C’était un combat inutile. Le pot de terre contre le pot de fer. Elle s’est donné de bonnes raisons de ne pas s’acharner avec ce passé, et ses proches les ont entérinées. Elle a eu de la chance, elle a brisé les cercles de violences. Elle s’est échappée loin des réseaux qui l’ont prostituée. Elle a eu beaucoup de chance, même. Certaines victimes deviennent partie intégrante du système, s’y plaisent, se mettent à recruter. D’autres tirent des profits de leurs expériences et effacent cette partie de leurs CV. D’autres encore se suicident plus tard d’une façon ou d’une autre. C’est ainsi que se perpétue l’emprise des réseaux, par les remords et les regrets. Avec le recul, une fois extirpée de ce système, les remords ne pèsent pas sur les agresseurs originels. Ils pèsent sur la « mauvaise victime ». Elle entend un nombre incalculable de fois qu’elle avait choisi, que bon, elle était bien consentante, bien tordue à la base. Qu’elle aurait pu refuser. Même par ses proches. Et puis, ce n’est pas si grave. En résumé, la mauvaise victime en fait des tonnes pour rien. En plus, elle en a bien profité, de ce fric.

Quand elle s’est enfuie, quand elle a voulu parler, le moindre mal, c’est que tous ses amis se sont détournés d’elle, sa famille, ses proches, les gens qu’elle aimait. Ses amis, celles et ceux qui fréquentaient le même monde qu’elle, ont mis une croix sur elle. Ceux autour d’elle qui avaient fermé les yeux, ne voulaient pas entendre voire ont décidé de la considérer comme une dangereuse paranoïaque. Ce fut un exemple pour la mauvaise victime ; Karen Mulder en 2001, a été internée après son passage, son craquage chez Ardisson. L’exemple à ne pas suivre.

La mauvaise victime, lorsqu’elle s’est retrouvée seule, a dû rebâtir de zéro un entourage, les relations avec ses proches, la confiance, un projet professionnel, un avenir. Elle a bien sûr cherché un soutien psychologique. Elle a souvent menti, pour protéger ses proches. Pour ne pas faire de peine. Et puis dans ces réseaux que la mauvaise victime connaissait, il pouvait y avoir des personnalités, des gens influents, peut-être une sorte de pègre entrelacée avec ceux-là. La mauvaise victime sait de quoi elle a protégé ses proches : elle les a protégés du fait d’avoir peur pour elle.

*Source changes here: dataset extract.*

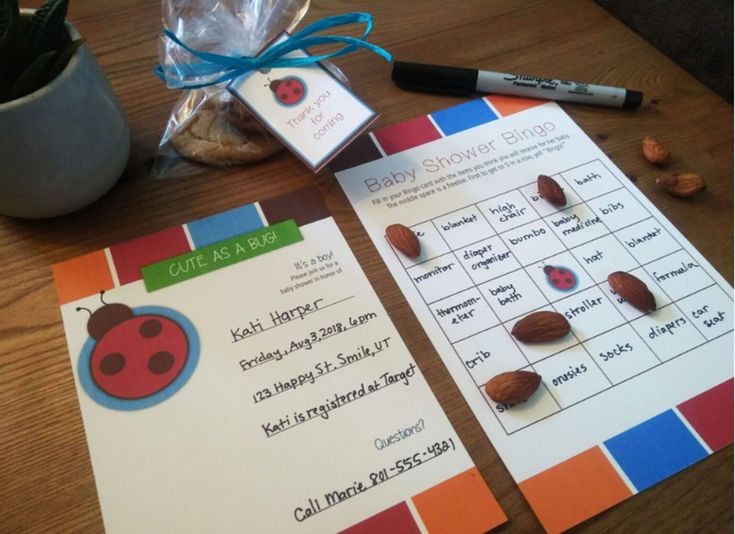 two cards with ladybugs on them sitting next to a potted plant and pencils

Leurs peurs à eux se greffaient déjà assez sur elle.

Il fallait reconstruire, se tenir droite. Elle en avait fait la promesse. Elle avait promis aussi de raconter les histoires, la sienne, celles des autres. La mauvaise victime ne portera jamais plainte. Elle ne parlera pas plus. Elle continuera tant bien que mal avec son passé, et ces souvenirs-là, son petit chemin tranquille, loin du tumulte et de la foule. La résilience est une chimère, un trompe l’œil médiatique. Ce que peuvent s’apporter les mauvaises victimes, ce sont leurs espoirs, leurs propres consolations. Et le fait d’avancer chaque jour.